Em "Ho-ba-la-lá", o jornalista alemão Marc Fischer produz relato apaixonante sobre o inventor da bossa nova

Joao Wainer - 24.abr.09/Folhapress
João Gilberto durante show em São Paulo
João Gilberto durante show em São Paulo

RUY CASTRO
COLUNISTA DA FOLHA

Um jornalista alemão, Marc Fischer, intrigado pela figura de João Gilberto -misto de fascínio pelo artista e de amor e ódio pelo homem que não sai de casa, não se deixa ver e não fala com ninguém, mas hipnotiza as pessoas à distância-, acaba de produzir um livro apaixonante: "Ho-ba-la-lá - À Procura de João Gilberto".

Algum brasileiro escreveria livro igual? Não é o nosso jeito -somos muito solares.
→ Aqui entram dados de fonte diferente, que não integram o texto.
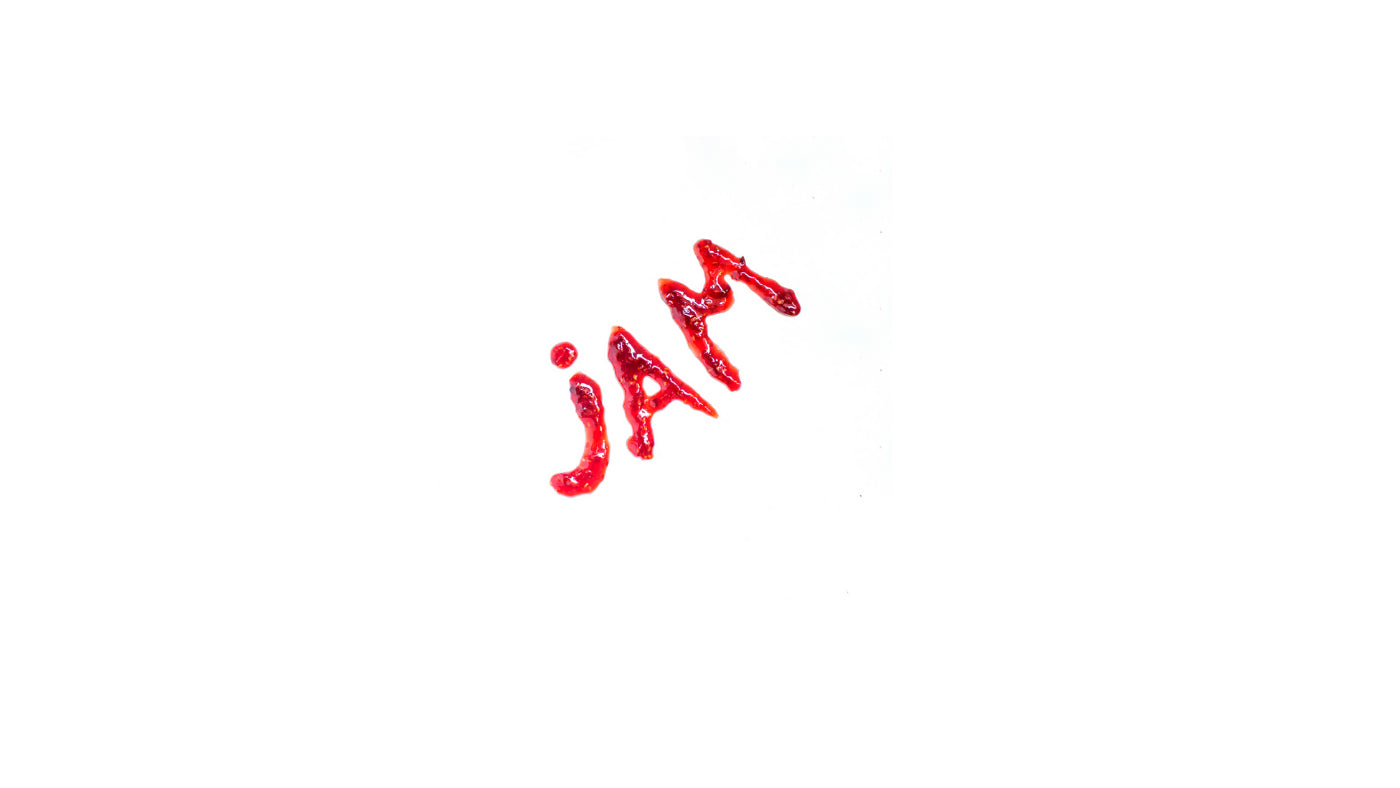Jam letters written with raspberry fruit jam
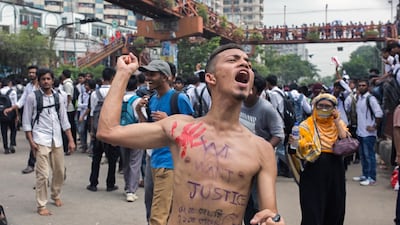 A Bangladeshi student shout slogans while blocking a road with others during a rally demanding safe roads on the seventh consecutive day of protests, in Dhaka city, Bangladesh. EPA / MONIRUL ALAM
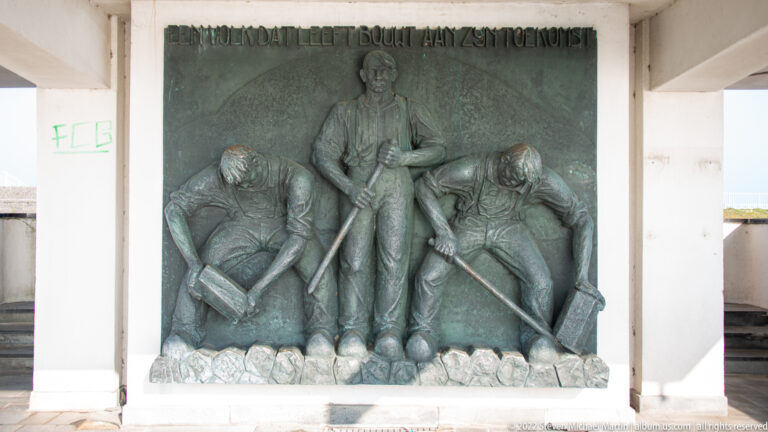 Bronze memorial relief with three male laborers, one standing and two crouching with tools.
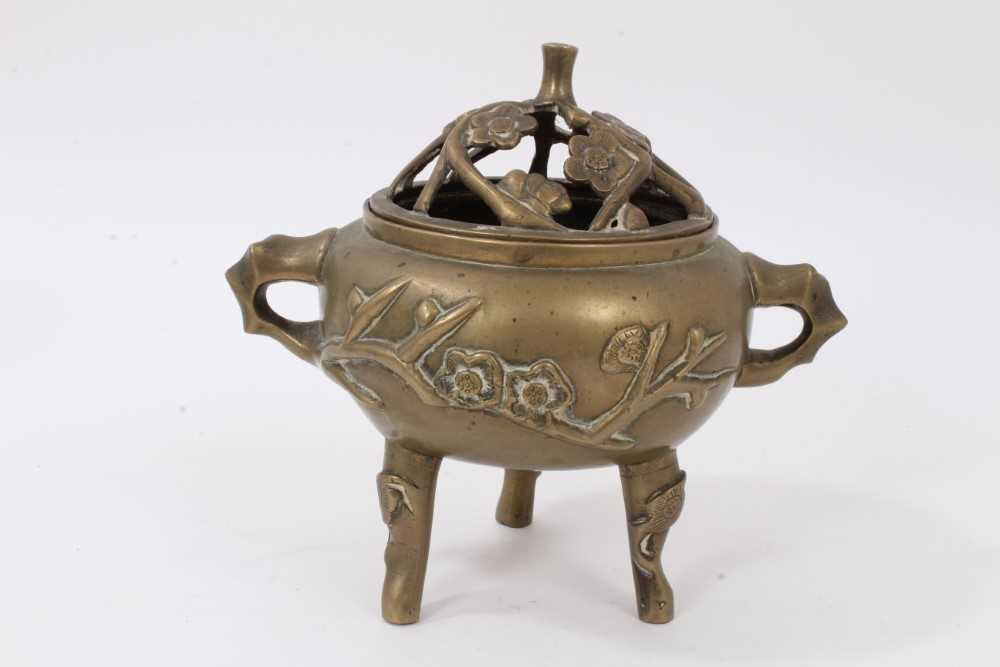 Lot 844 - Chinese bronze censer with prunus decoration, reign mark to base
Quem mais faria do inventor da bossa nova o personagem de um "roman noir" composto de fatos reais, com especulações (surpreendentemente a propósito) sobre a morte, o destino, a solidão, a fala por silêncios e a sensibilidade para com o invisível?

Quem mais mostraria João Gilberto como um sonhador, um iogue, uma jiboia, um mutilado de guerra, um vampiro ou um homem que, 10 horas por dia, cria obras-primas para as paredes? Um homem onipresente no coração e mente das pessoas que o cercam, muitas das quais não o veem há dez anos -ou nunca o viram. E que representa o perigo -há quem tema se apaixonar ou se deixar escravizar se se aproximar dele.

SAM E EFFIE

O livro é isto: Fischer (1970-2011), violão às costas, quer encontrar João Gilberto para entrevistá-lo e escrever a seu respeito. E, se João Gilberto não quiser falar, ele se contentará com ouvi-lo cantar "Ho-ba-la-lá", sua predileta. Mas João Gilberto é tão volátil, feito de nuvem, que talvez não seja mais de carne e osso, seja só música. Não, ele é de carne e osso: duas ou três pessoas -sua ex-mulher, a cantora Miúcha, seu faz-tudo Otávio Terceiro- o viram ontem ou o verão nesta noite. Só que, tratando-se de quem é, será isto uma prova?

Fischer e sua auxiliar brasileira chamam-se um ao outro de Sherlock e Watson. Mas, na busca por João Gilberto num Rio quase que apenas noturno, agem e falam que nem o detetive Sam Spade e sua secretária Effie Perrine, personagens de Dashiell Hammett em "O Falcão Maltês". Como Spade, ele não despreza pistas. Radiografa uma pessoa assim que a vê, faz perguntas secas, fuma Camel, às vezes bebe além da conta, protagoniza perseguições em táxis e rejeita tentações femininas.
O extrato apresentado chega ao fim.